Only the text of the records belongs in the answer; the pictures must be dropped.

(Image-caption web data)
---*---

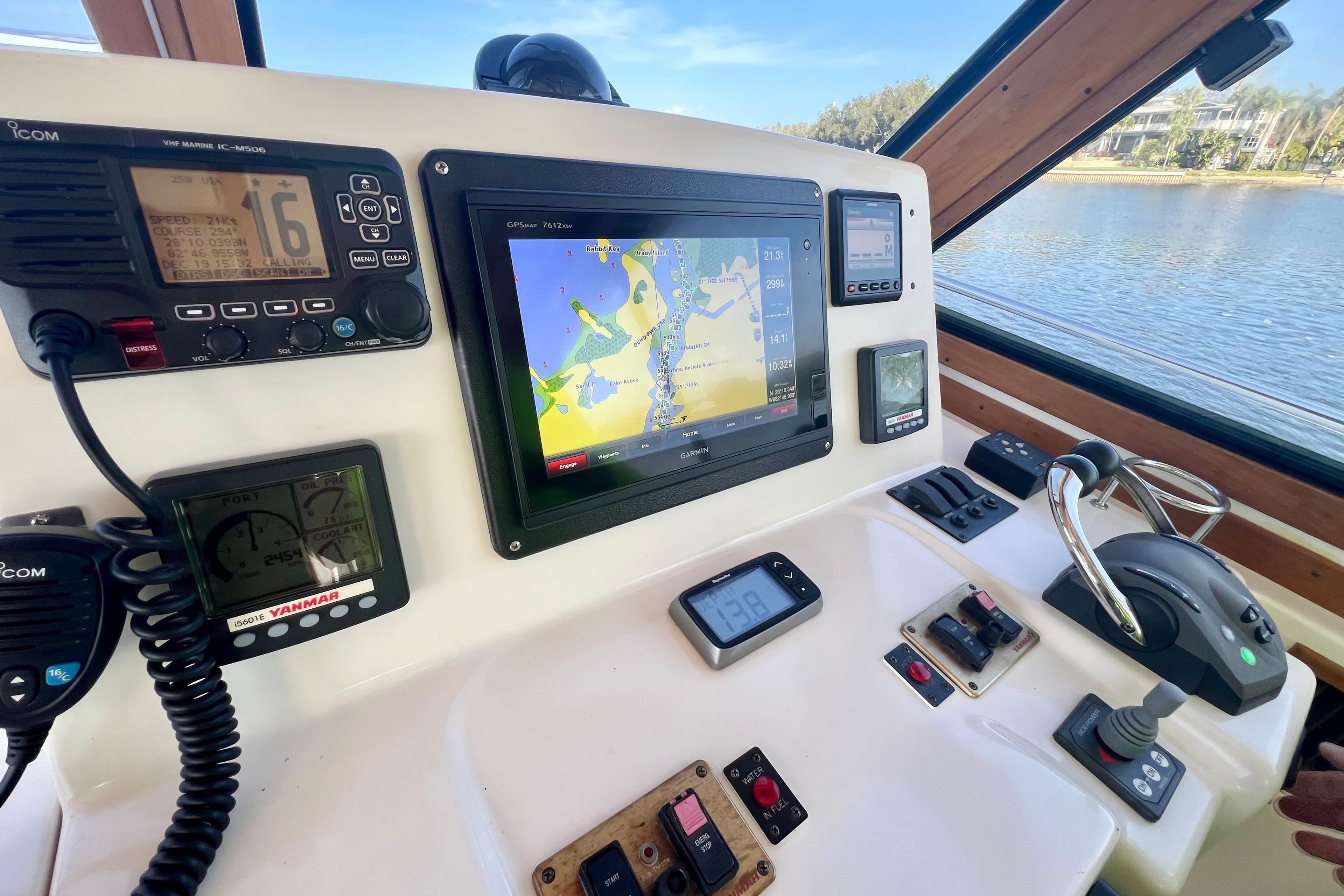 Control panel of 2006 Sabre 38 Hard Top Express with navigation and communication equipment.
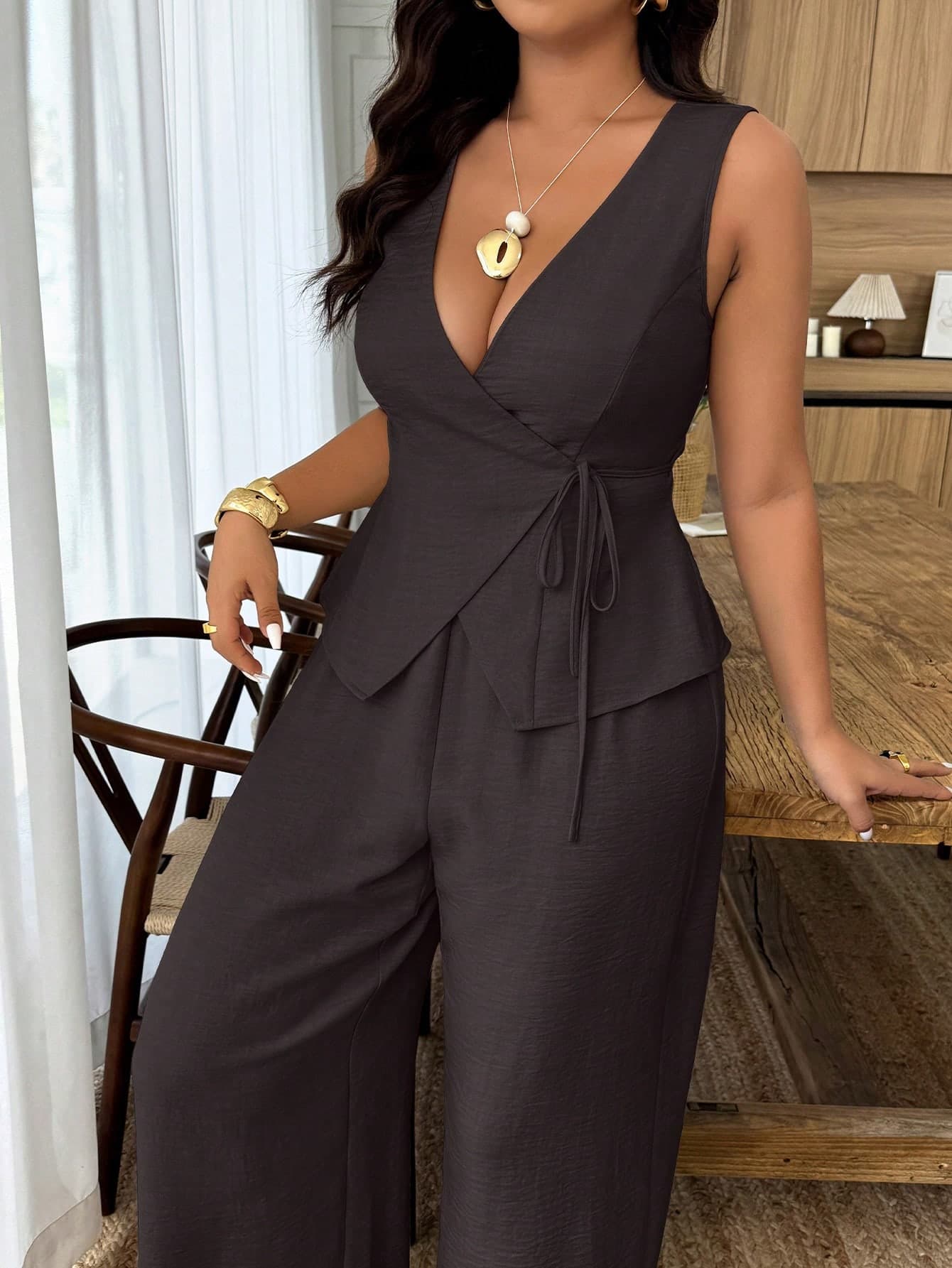 Weeklong Plus Size Women's Sleeveless Wrap Tie Waist Jumpsuit, Casual Commuter Outfit For Spring/Summer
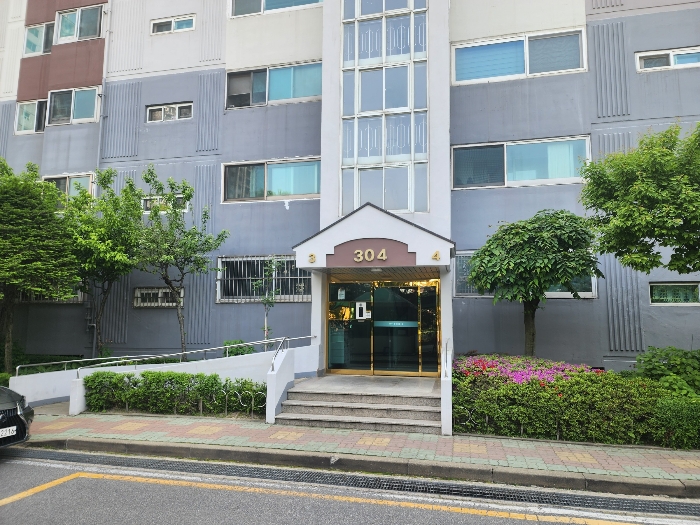 304동 3.4호라인 출입구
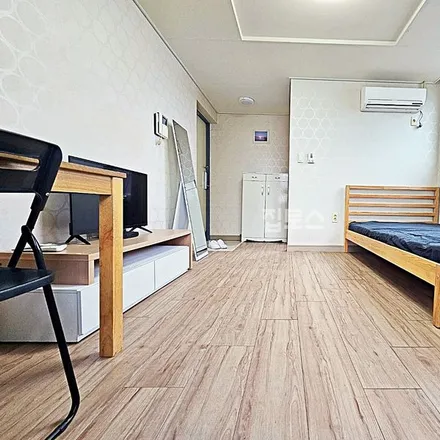 Rent this studio apartment on 부산광역시 수영구 광안동 137-6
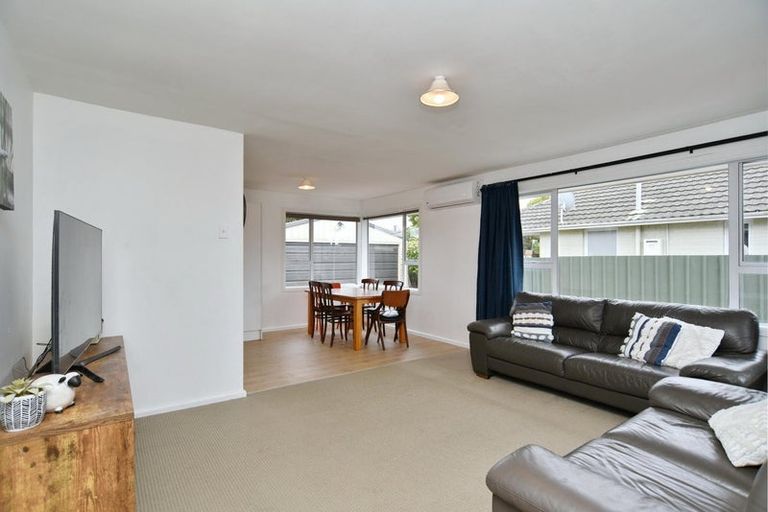 Photo of property in 187 Burwood Road, Burwood, Christchurch, 8083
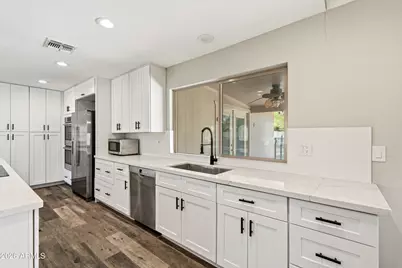 5227 E Paradise Lane, Scottsdale, AZ 85254 - Photo 10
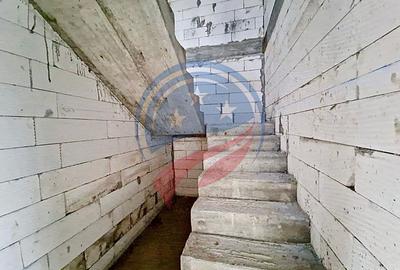 Vilă cu 5 camere de vânzare în zona Damila - 8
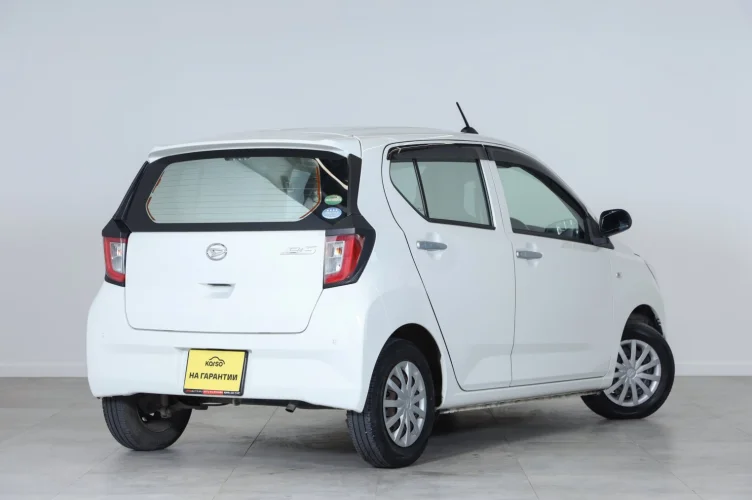 Daihatsu Mira e:S 6 из 6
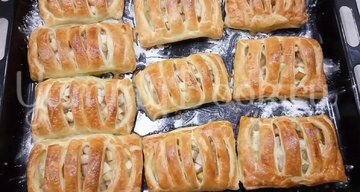 Слойки с яблоками из готового слоеного теста - шаг 5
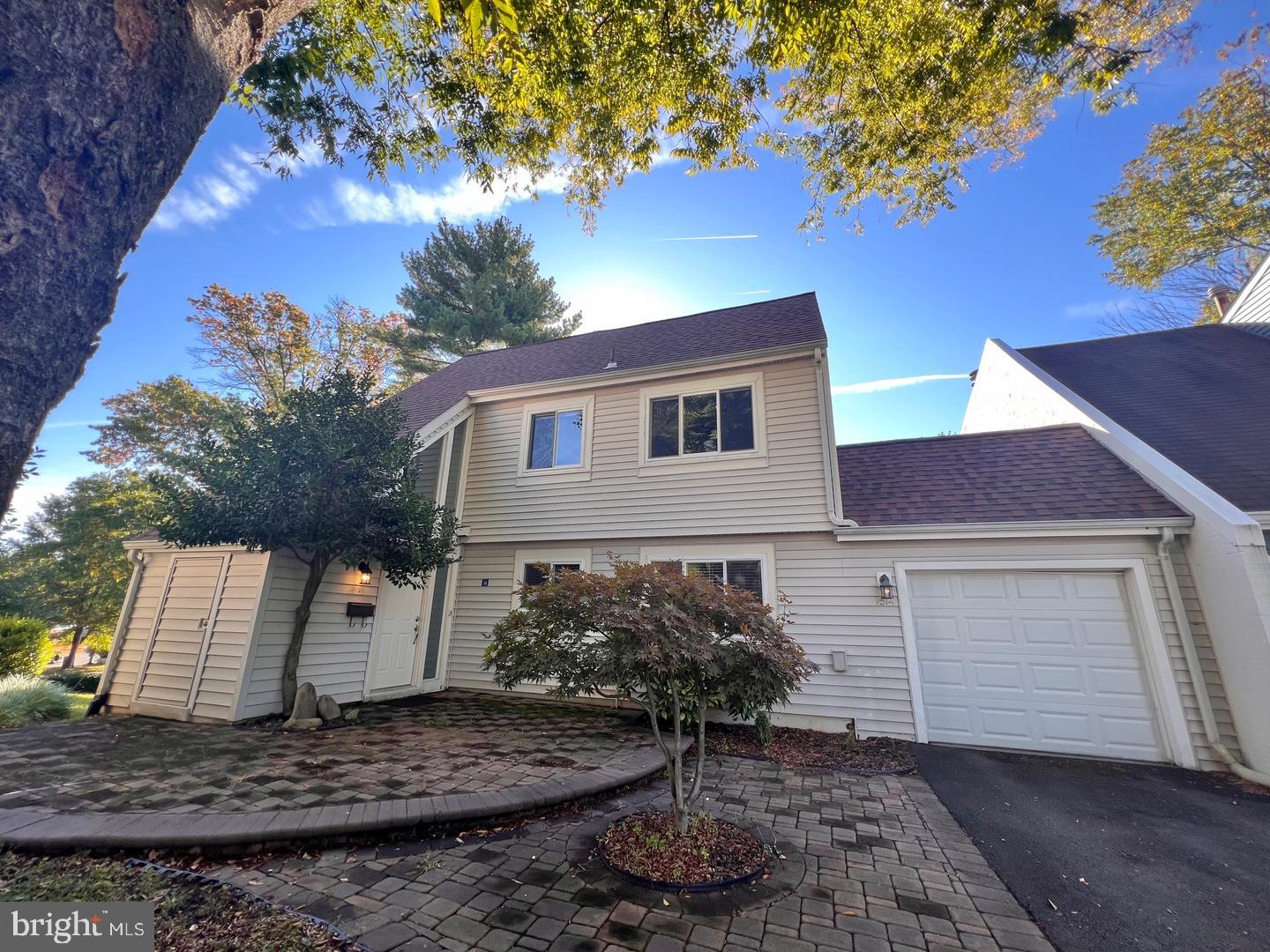 1514 Roundleaf Ct — photo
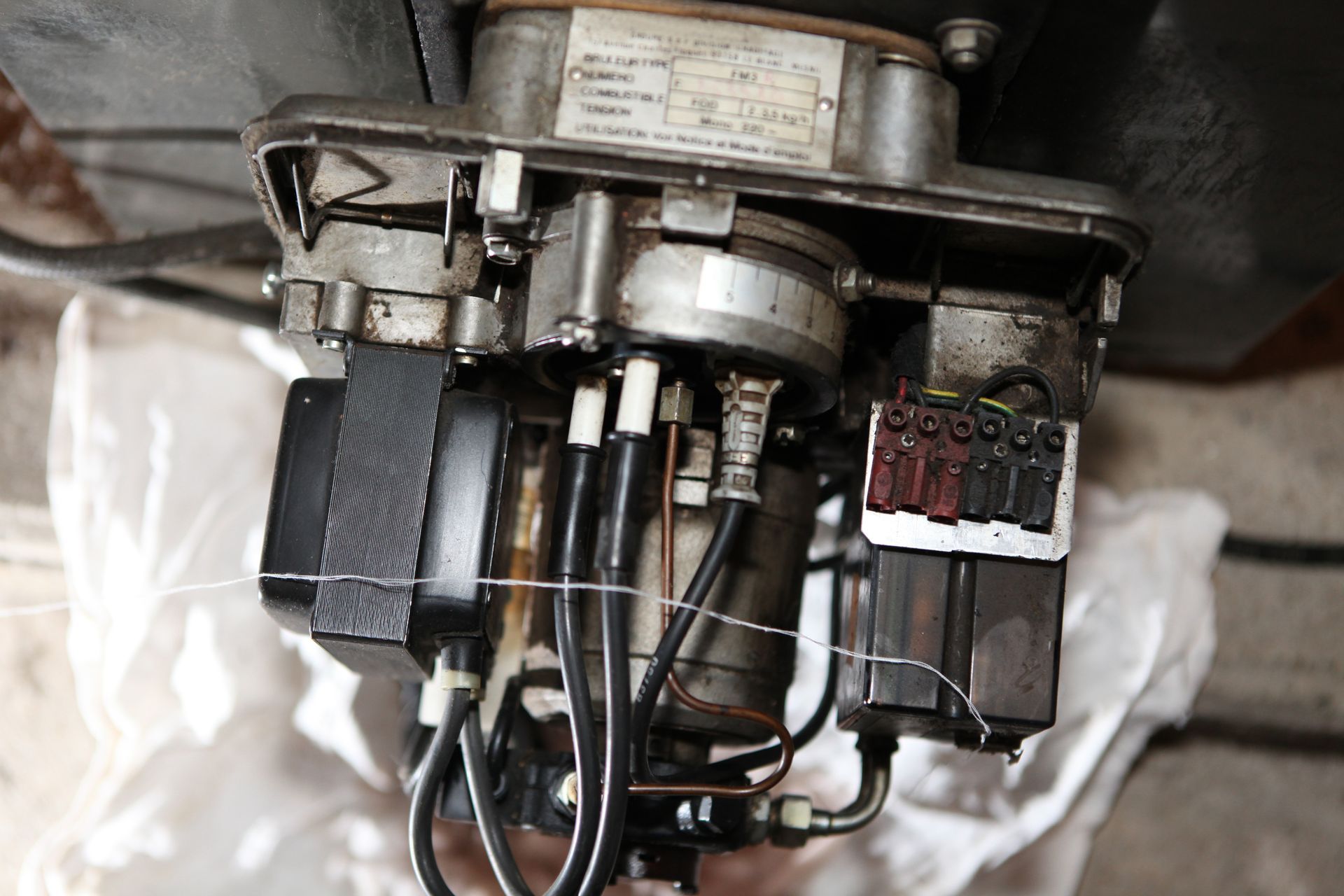 Des fils du moteur d'une chaudière au fioul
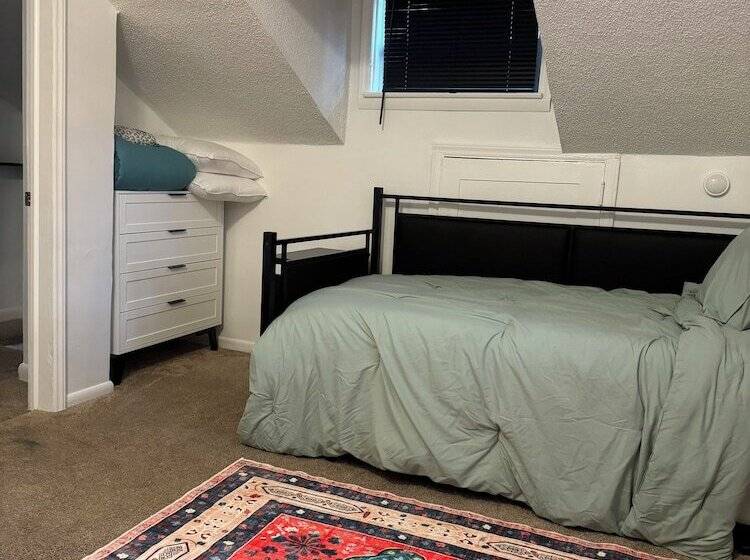 هتل Charming May Street Retreat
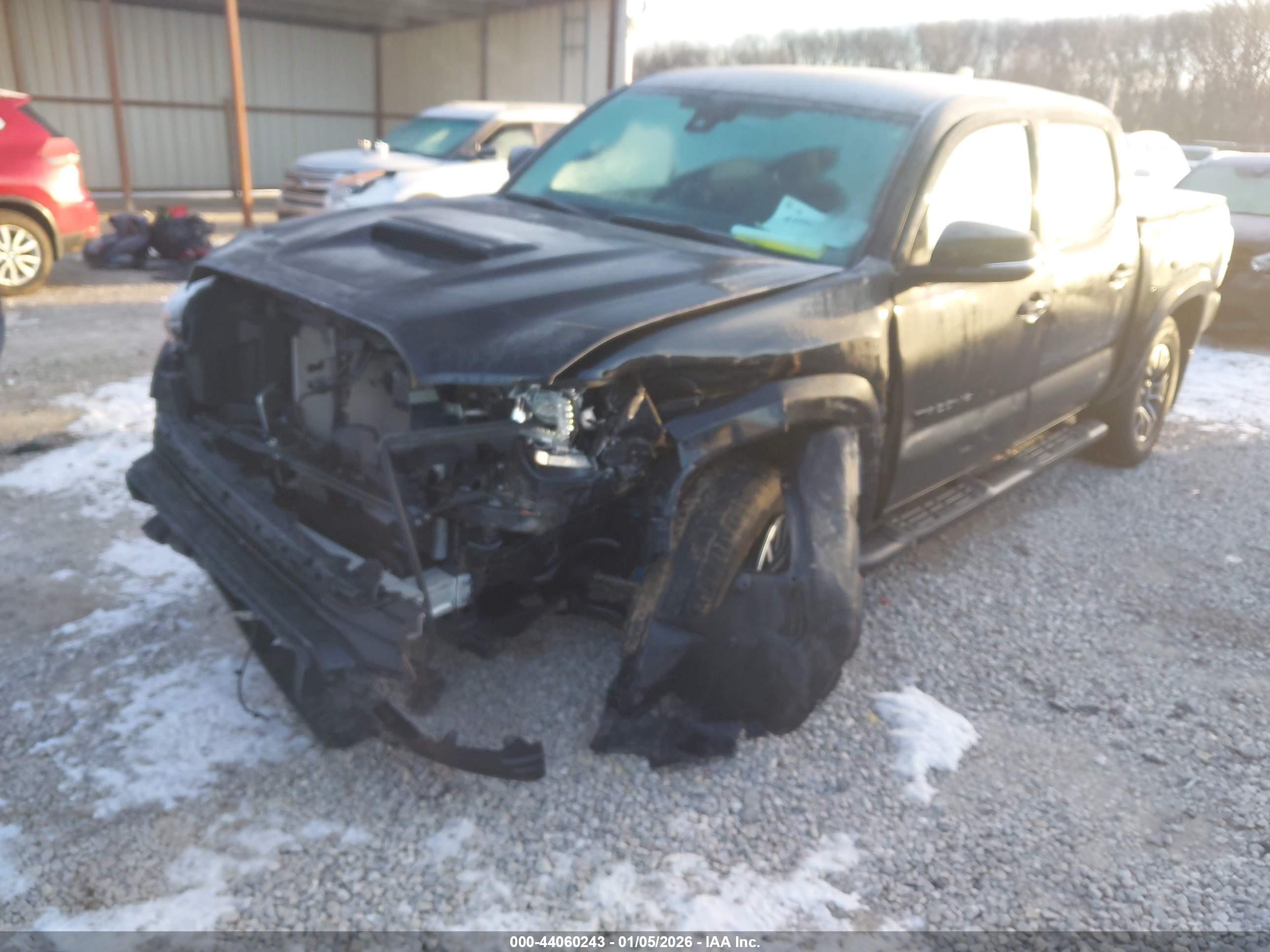 TOYOTA TACOMA image 2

---*---

OUTPUT BELOW:
 Control panel of 2006 Sabre 38 Hard Top Express with navigation and communication equipment.
 Weeklong Plus Size Women's Sleeveless Wrap Tie Waist Jumpsuit, Casual Commuter Outfit For Spring/Summer
 304동 3.4호라인 출입구
 Rent this studio apartment on 부산광역시 수영구 광안동 137-6
 Photo of property in 187 Burwood Road, Burwood, Christchurch, 8083
 5227 E Paradise Lane, Scottsdale, AZ 85254 - Photo 10
 Vilă cu 5 camere de vânzare în zona Damila - 8
 Daihatsu Mira e:S 6 из 6
 Слойки с яблоками из готового слоеного теста - шаг 5
 1514 Roundleaf Ct — photo
 Des fils du moteur d'une chaudière au fioul
 هتل Charming May Street Retreat
 TOYOTA TACOMA image 2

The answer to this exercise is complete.